| ASSIGNED TASK |
Once you reach the line with "man looking at phone bill", copy it and every line after it exactly, up to the end of the data. Omit the pictures.

| TASK DATA |
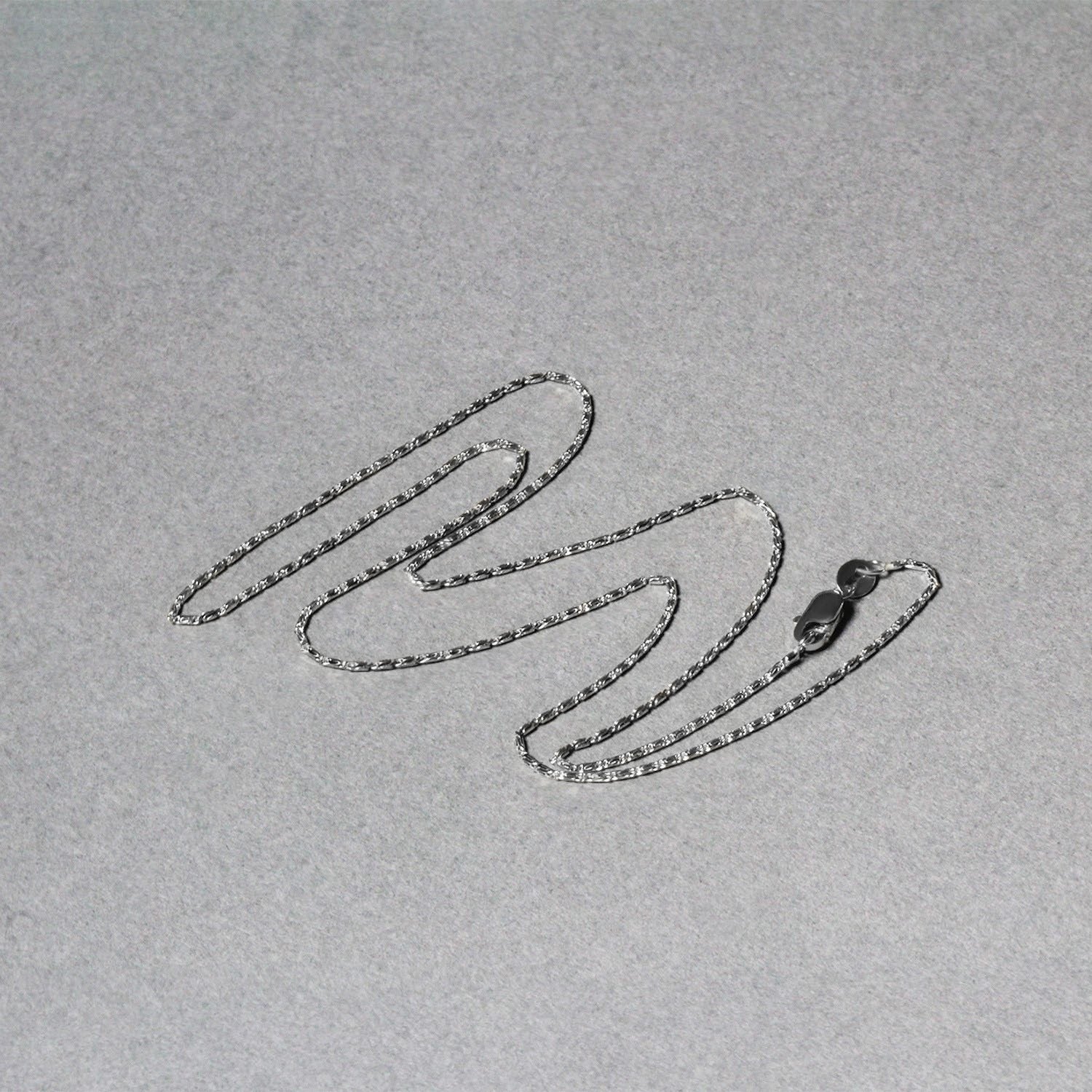 Elegant 14k white gold Lumina pendant chain showcasing a refined design and exquisite craftsmanship.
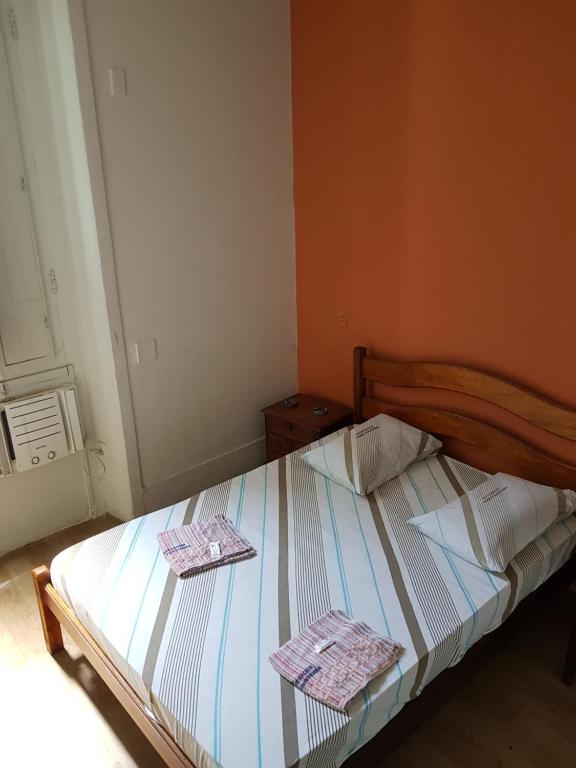 Säng eller sängar i ett rum på Hotel Cabo Finisterra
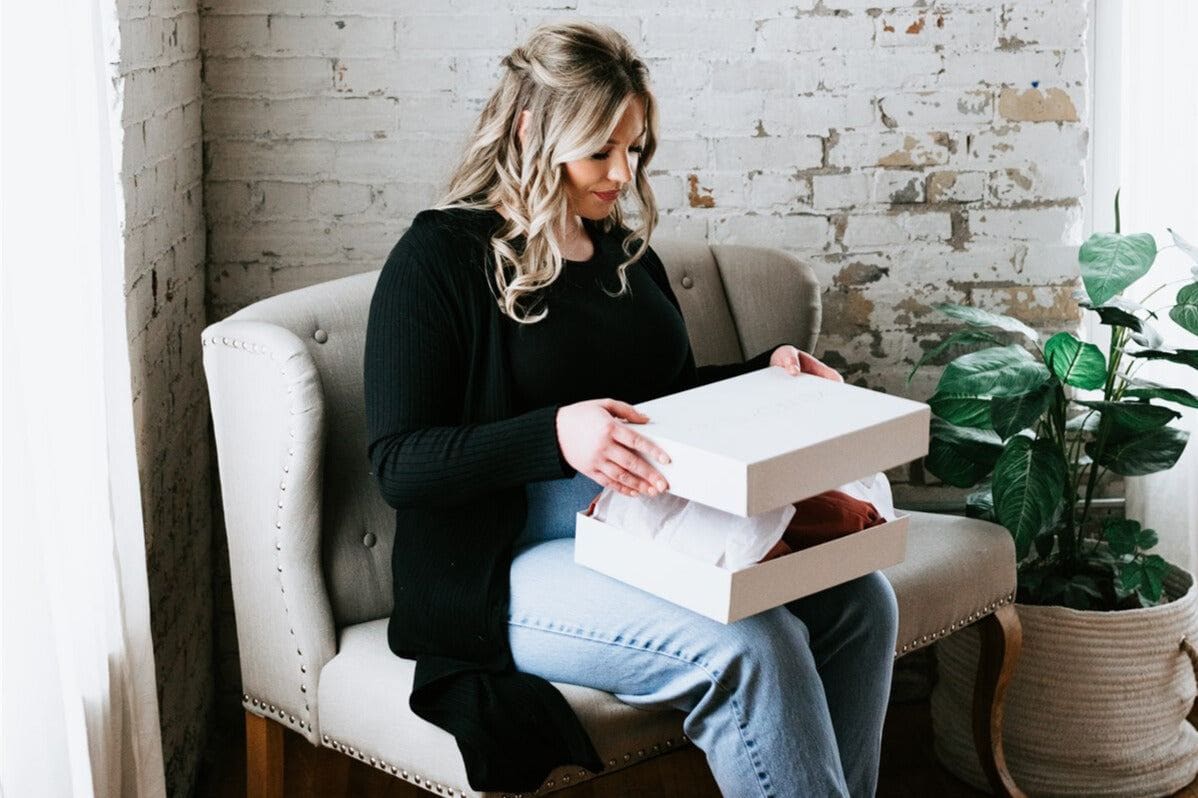 Woman unboxes a Kennedy Blue bridesmaid dress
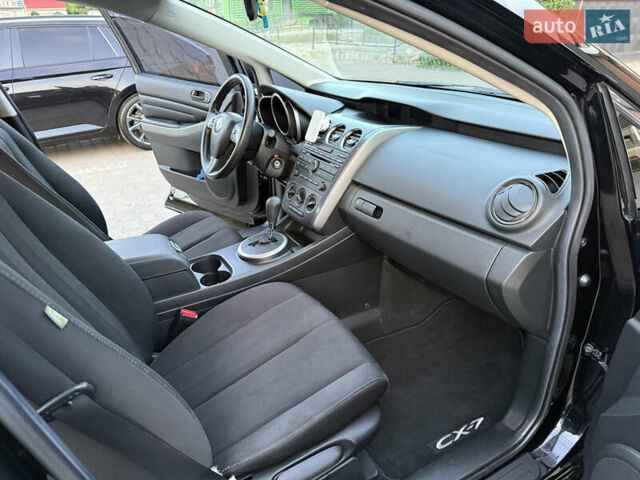 Черный Мазда СХ-7, объемом двигателя 2.5 л и пробегом 102 тыс. км за 10800 $, фото 28 на Automoto.ua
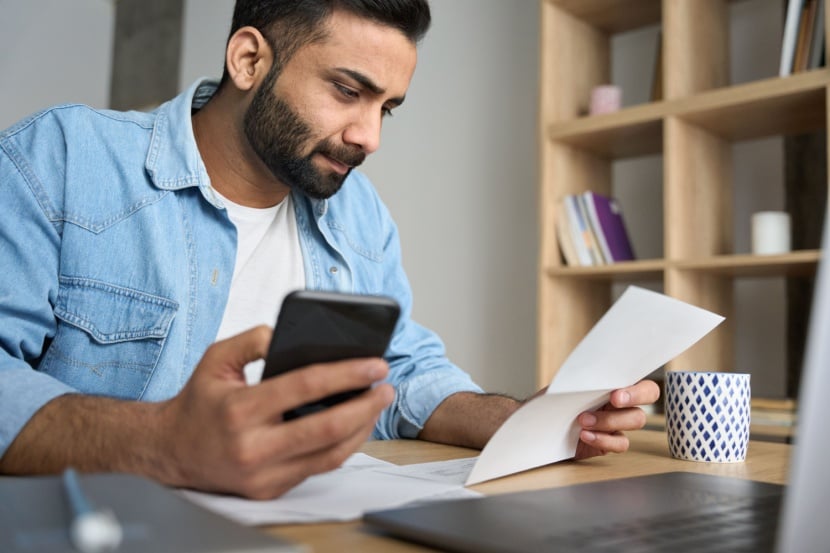 man looking at phone bill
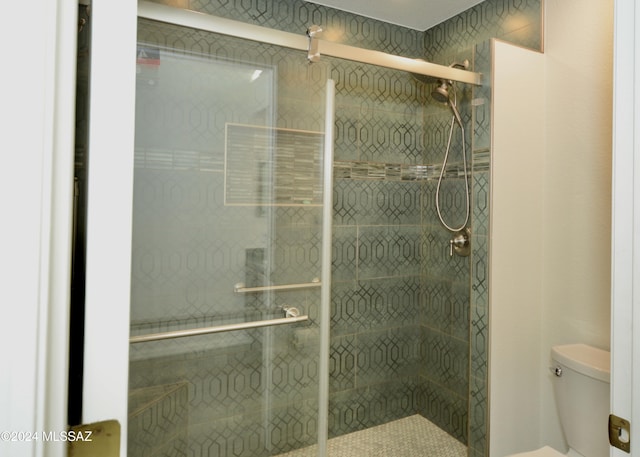 bathroom with a shower stall and toilet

| EXPECTED ANSWER |
 man looking at phone bill
 bathroom with a shower stall and toilet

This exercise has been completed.